Rated PG-13 for mature thematic material, language and some drug use

Cast: Nicole Kidman, Aaron Eckhart, Dianne Wiest, Miles Teller, Tammy Blanchard

Director: John Cameron Mitchell

From all outward appearances, the couple seems to be living a normal life.  They appear to be working hard to convey that normalcy... not just to those in their immediate environment, but to each other.  When they're alone, however, we see the pain and longing break through the emotional fissures in their being.

The husband never misses a day from his job, maintains a healthy social rapport with his friends and colleagues, exercises daily... but stays up late at night in the emotional confines of the living room, watches cell phone video of his four-year-old son.

The wife works tirelessly around the house, spends a copious amount of time perfecting the appearance of her garden.  Although she does spend a chunk of her alone time trailing a school bus, awaiting a youth's disembarkment.  He was the unfortunate soul behind the wheel when her little boy was struck and killed mere months ago.  She isn't overcome with anger.  Looks more curious.  Needs a connection of some sort.

They have lost a child.  "Rabbit Hole" is a movie about grief, though not so much about overcoming it.  It's too intelligent and perceptive for that.  If there is a resolution here, it's more in the accepting of their fate in a manner that allows them to maintain an acceptable lifestyle.  Seldom do we see a movie where the final verbal exchange includes: "Then what?" followed by: "I don't know.  Something."

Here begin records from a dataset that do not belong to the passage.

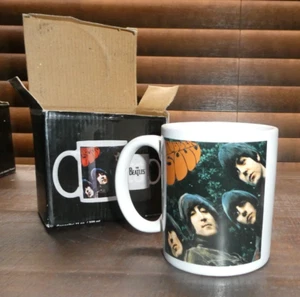 THE BEATLES RUBBER SOUL ALBUM COVER 11 OZ TAZZA CAFFÈ INUTILIZZATA CON SCATOLA!!!! - Foto 1 di 4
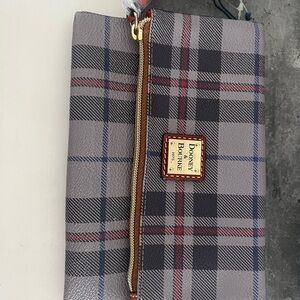 Cute Dooney small crossbody Wallet on a Chain NWT pretty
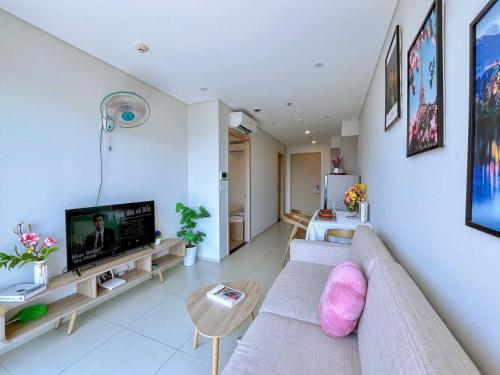 One-Bedroom Apartment with Balcony image 1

The struggle to get there is a colossal one.  The film is set eight months after their son's accident.  (He chased his dog into the street, was hit by a car.)  That time frame is crucial to the story.  It marks what the husband Howie (Aaron Eckhart) seems to think should be some sort of turning point.  Trying to have another child, perhaps?  The wife Becca (Nicole Kidman) isn't ready.  They do, however, strive to keep up appearances, including attending a nightly bereavement group.  Becca tries accompanying Howie, but the piousness of the other members weighs too heavily on her secular side.  (After listening to platitudes like "God took our little daughter 'cause He needed another angel," Becca jumps in.  "So why didn't He just make another angel.  I mean, He is God, after all.  Right?  Just putting it out there.") 

We learn Becca has experienced previous loss in her life.  Her drug-addicted brother died eleven years ago, leading to a somewhat strained relationship with her mother (Dianne Wiest), who consistently imparts unwanted bits of advice to her daughter.  Her brother's self-destruction also contributes to Becca's loving-yet-tricky relationship with her a-little-too-free-spirit sister (Tammy Blanchard), now pregnant with her first child. 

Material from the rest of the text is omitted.